It’s been a few days since the end of this year’s National Novel Writing Month event. I’m happy I participated, and very satisfied at having reached the goal of 50K words. Chapters six and seven of “Gray Metal Faces” have been completely revised, and the first draft of chapter eight has begun; honestly, I don’t think I would have accomplished so much if I hadn’t been trying to “win” NaNoWriMo.
But I’m not happy with those last few days in November. Getting those final few thousand words was difficult, and while I got the job done, I certainly didn’t enjoy myself. Writing shouldn’t always be easy, and I’m definitely not afraid of the work; however, during those last few days in November I was writing because I had to, not because I wanted to. Working on the novel became just another obligation, and I approached those final blog entries with all the enthusiasm of a dental appointment.
That’s not a feeling I want to experience again, and makes me wonder if I’ll participate in next year’s NaNoWriMo. Yeah, there’s a real good chance that I could end next November with a complete draft of the entire novel, which would be completely awesome. But to have that empty, joyless feeling — I’m not sure any accomplishment would be worth that.
So yes, I’m happy to have participated in this year’s NaNoWriMo, but whether I take part in next year’s event is an open question.
It hasn’t been pretty these last couple of days, but my NaNoWriMo goal of 50K words has been reached, with about 75 minutes to spare. Don’t have much energy (physical or mental) left to say anything more profound than that; right now, I don’t even feel victorious. Just tired, and a little grateful for being able to accomplish this feat.
Finished the chapter seven revision yesterday. Combined with the chapter six revision completed earlier this month, I’m up to a little less than 47k words so far in NaNoWriMo 2016. Started the first draft of chapter eight earlier today (I’ll have more to say tomorrow about how I’m drafting chapters eight and nine), and came to a convenient stopping point after 1100 words. Two more days like today, or maybe a big push tomorrow — either way, the finish line of personal victory is in sight.
Looking forward to ending this challenge. Really glad I’ve put in all this work, but after 28 days I’m feeling the urge to move on from the novel for a bit.
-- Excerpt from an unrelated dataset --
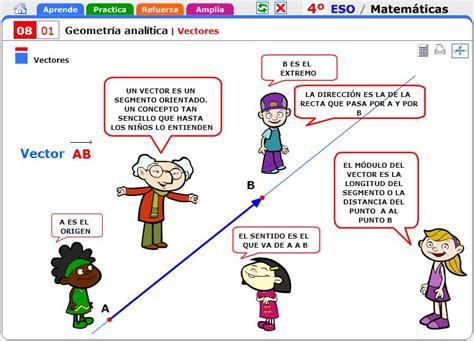 Vectores Matematica At Collection Of Vectores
Launched my writing project today for this year’s NaNoWriMo event, which begins four weeks from tomorrow. The goal this time is to revise work I’ve already written on this blog, chapters six (Jan – Mar 2015) and seven (Mar – Apr 2016) of my novel Gray Metal Faces. With my self-imposed limit of 25K words for each chapter, I should fall short of the NaNoWriMo goal of 50K words when I finish revising chapter seven — so maybe I’ll get a start on drafting the eighth chapter as well.
Taking an extended break from the “Warning Signs” narrative to embark on a far more ambitious project.
Tomorrow is the start of National Novel Writing Month, and over the course of November I’ll be writing the second draft of the novel I’ve been developing over the past several years. It won’t be completed — my plan is to revise the first four chapters, which if all goes as planned should get me over the 50K word goal suggested by NaNoWriMo — and as I have nine chapters planned for the novel, I’ll also be about half-way to my personal goal.
For those of you who follow my blog regularly, this coming month will be a little different. I’ll still post daily, but most will be significantly longer than my usual 200 to 400 words. Fifty thousand words over thirty days averages out to almost 1700 daily; there will be days when my word count will reach three, even four thousand. That’s a lot to read at one sitting, and if you decide there’s better things you should be doing, I’ll certainly understand. I just hope you decide to come back on December 1.
It’s a time of nervous excitement for me. I’m not certain that I’m ready, but am certain there will never be a time when I’ll feel ready. And to a certain extent, I don’t care if I’m disappointed in the end result — I just want to know what it feels like to have finished. Climbing this mountain will cause me a lot of discomfort, and I know I won’t ascend as quickly or gracefully as I’d like; breathing the thin cool air at the summit will make the effort worthwhile.